TRY IT:
Reproduce word for word every line from the one containing "Pigeon Nipple Puller With Case Sale" to the final line of the data below; omit the pictures.

MATERIAL PROVIDED:

[Start of section]

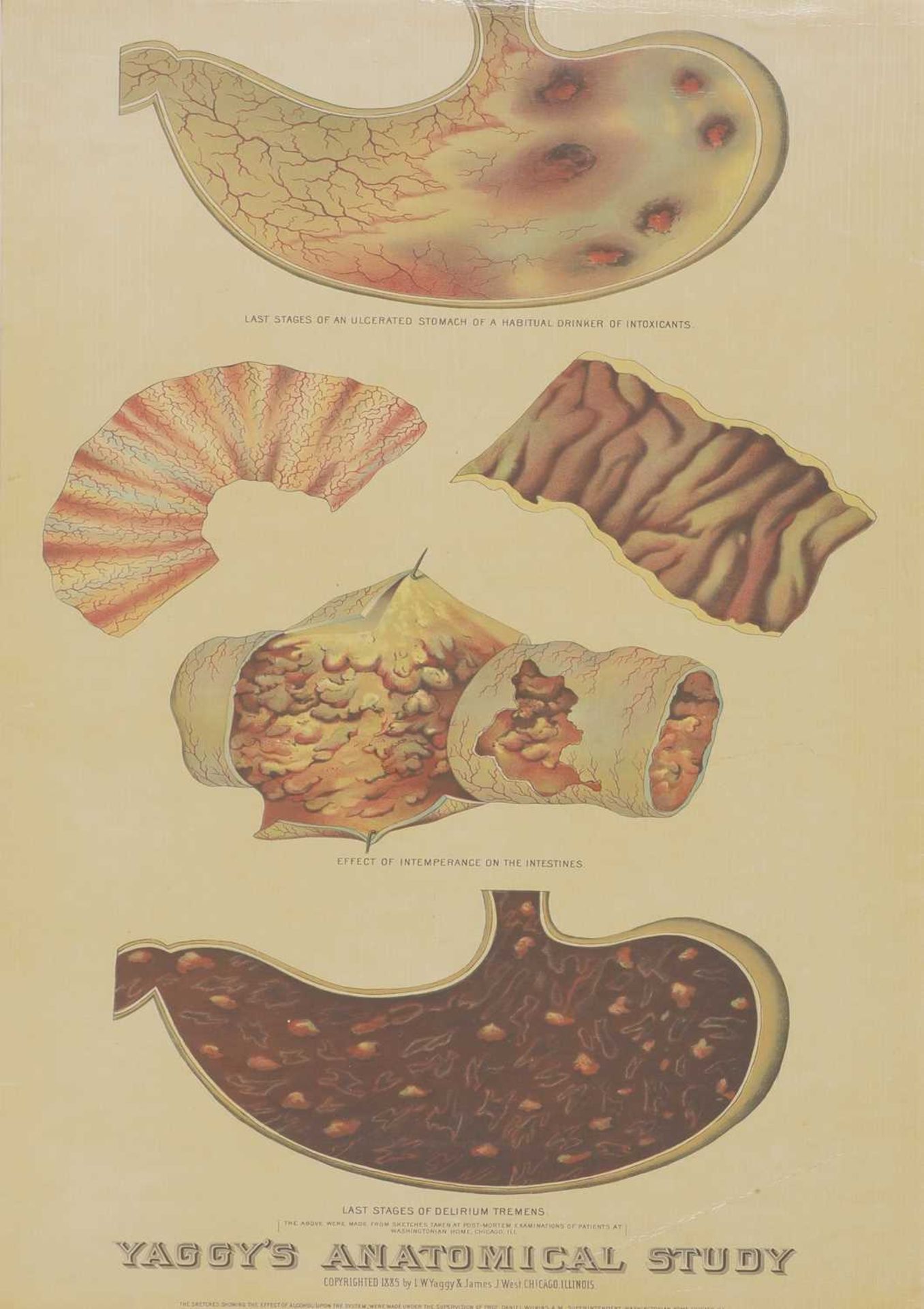 An anatomical classroom chart,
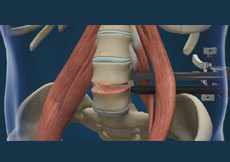 Lumbar Discectomy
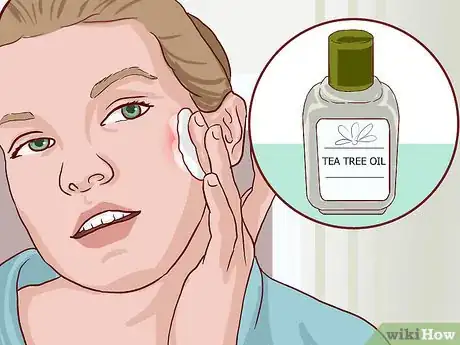 Imagen titulada Stop Recurring Boils Step 9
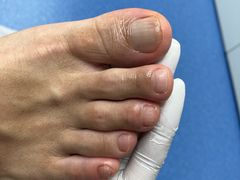 -Andrew指甲专科灰指甲·甲沟炎矫正·3D步态矫形鞋垫定制(上海法华镇路旗舰店)
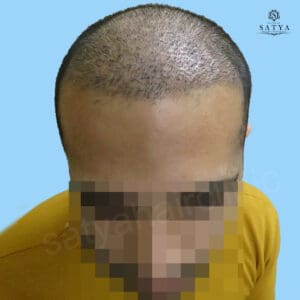 synthetic hair implant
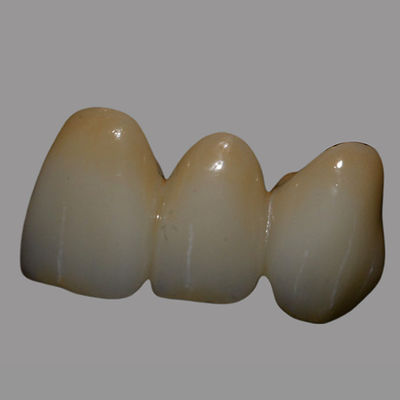 Buy Dental Lab Zirconia Price | Natural Full Contour Zirconia Bridge Single Unit / Multiunit Wear Resistant online manufacture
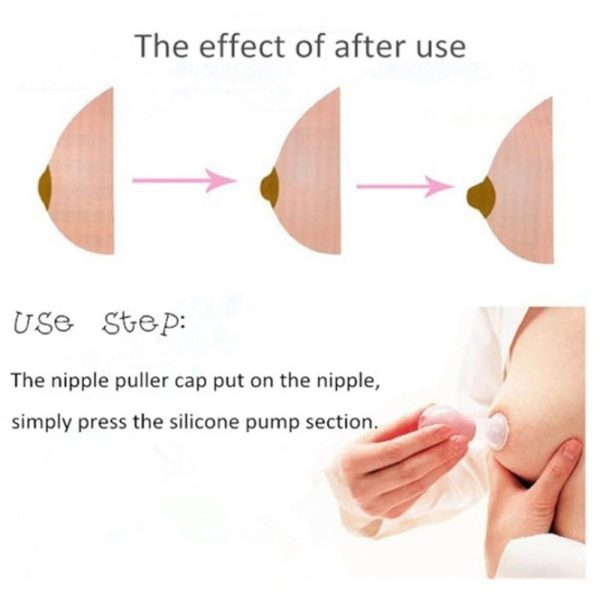 Pigeon Nipple Puller With Case Sale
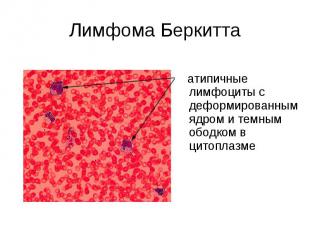 Лимфома Беркитта атипичные лимфоциты с деформированным ядром и темным ободком в
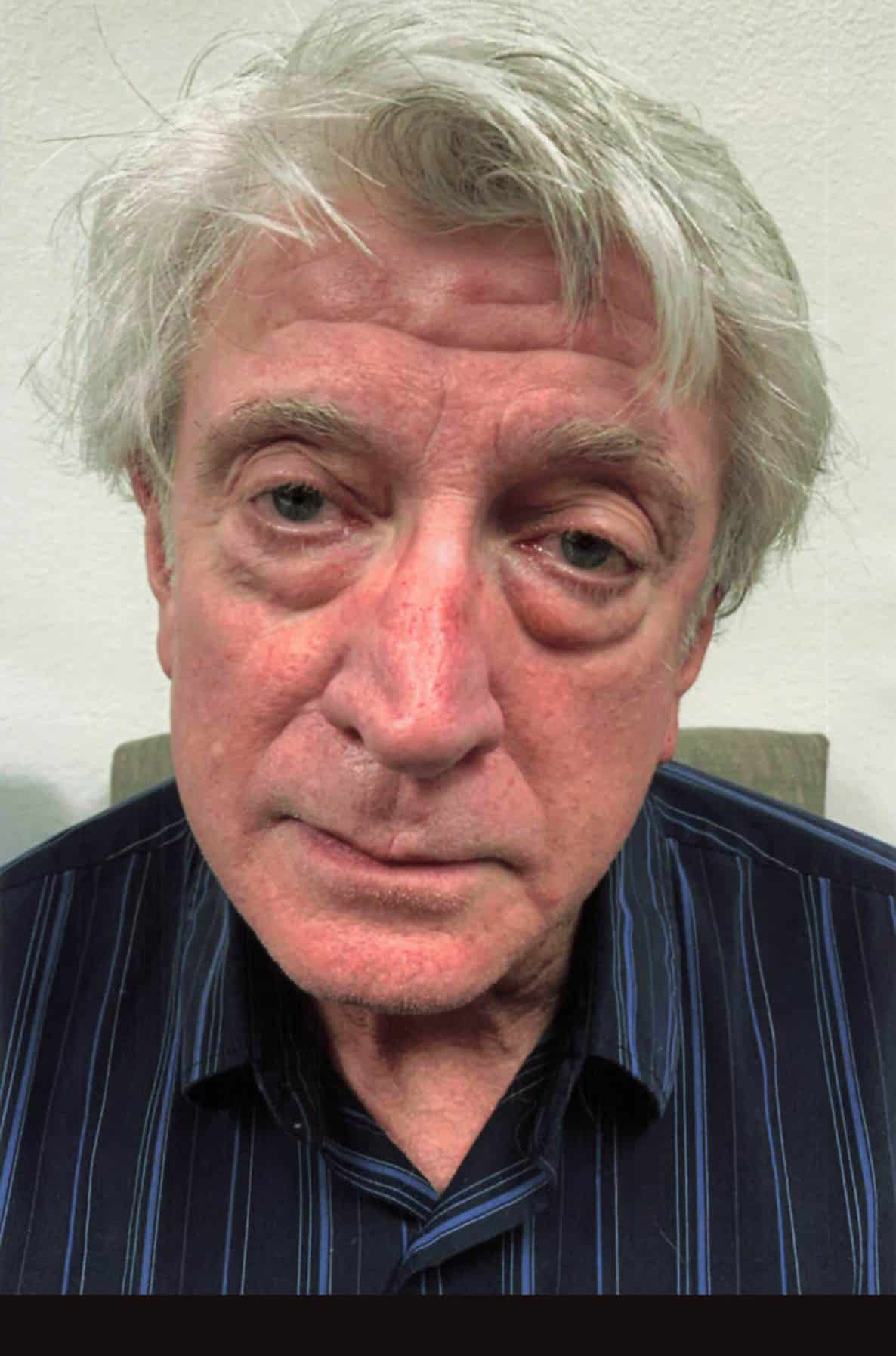 Lower Blepharoplasty before and after - before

[End of section]

EXPECTED OUTPUT:
 Pigeon Nipple Puller With Case Sale
 Лимфома Беркитта атипичные лимфоциты с деформированным ядром и темным ободком в
 Lower Blepharoplasty before and after - before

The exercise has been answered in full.